I am trying to compute means of data frames inside a list using lapply function.
df_list <- list(cars, mtcars)
sapply(df_list, mean)
The above code doesn't seem to work. However when i changed it to:
df_list <- c(cars, mtcars)
sapply(df_list, mean)
The output had the means of all the variables of both data frames.
is there a way to compute the means using the first approach.
use the purrr
library to achieve this...much simpler:
library(purrr)
map(df_list, ~map_if(., is.numeric, mean))
If you want a df to be returned then:
map_df(df_list, ~map_if(., is.numeric, mean))
answer is from here:
why does map_if() not work within a list
credit should go to @Axeman
In base R, you can use rapply
in order to calculate the means of variables contained in a list of data.frames.
# data
df_list <- list(cars, mtcars)
The simplest output is to run rapply
with two arguments, the function and the list of data.frames. The function if(is.numeric(x)) mean(x)
checks if the variable is numeric, and if so, returns the mean.
# returns a vector of means
rapply(df_list, function(x) if(is.numeric(x)) mean(x))
This output destroys the relationship between the variables and their data.frames. If desired, we can return the values in a structure that preserves that of the original object, a nested list of length 2 and inner lists of length 2 and 11.
rapply(df_list, function(x) if(is.numeric(x)) mean(x), how="list")
The resulting structure is probably more complicated than desired.

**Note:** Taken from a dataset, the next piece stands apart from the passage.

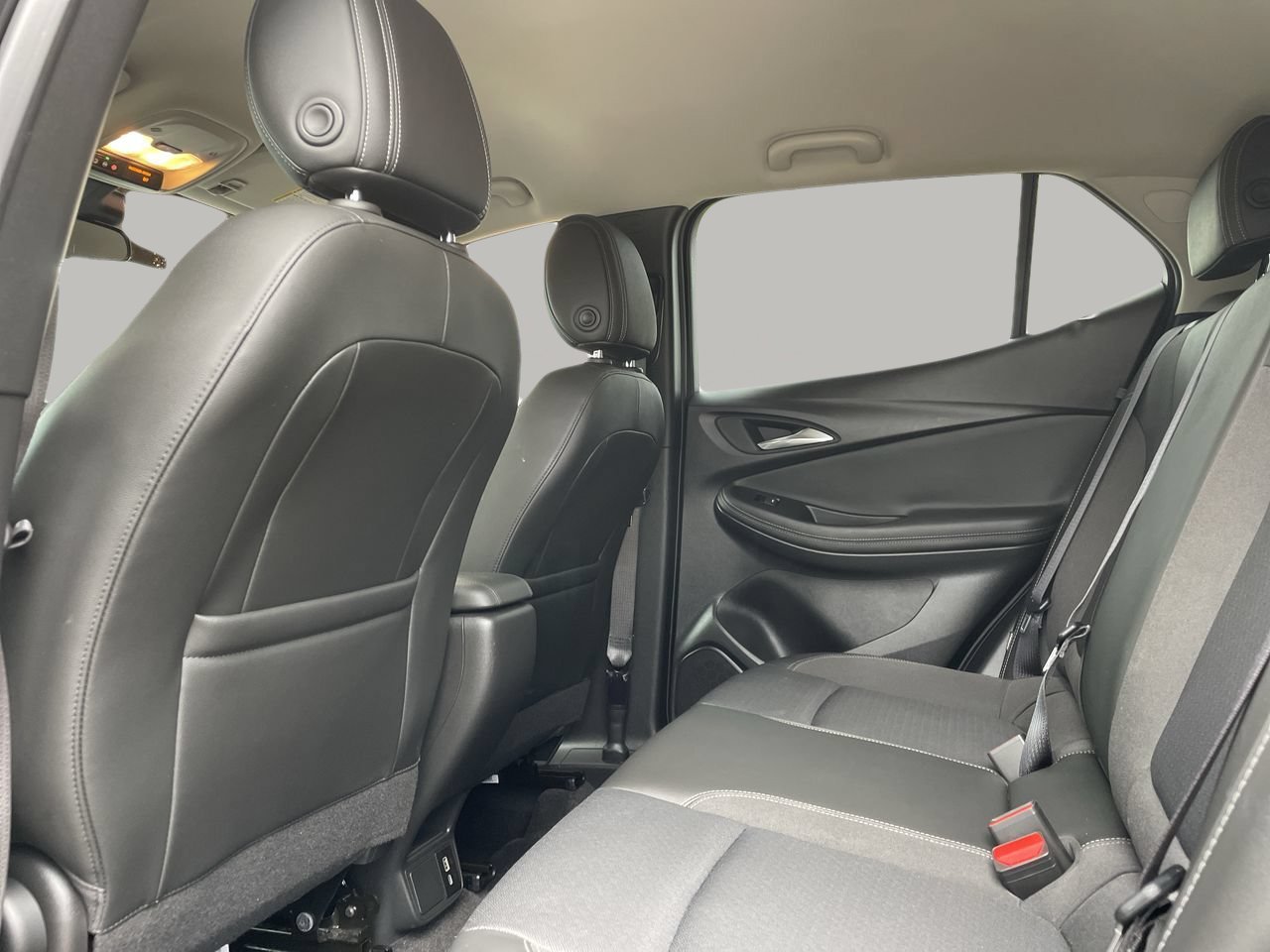 Used 2024 Buick Encore GX Preferred FWD image 16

For my taste,
lapply(rapply(df_list, function(x) if(is.numeric(x)) mean(x), how="list"), unlist)
[[1]]
speed dist
15.40 42.98
[[2]]
mpg cyl disp hp drat wt qsec
20.090625 6.187500 230.721875 146.687500 3.596563 3.217250 17.848750
vs am gear carb
0.437500 0.406250 3.687500 2.812500
results in a nice balance, a list of length 2 each containing named vectors of the means.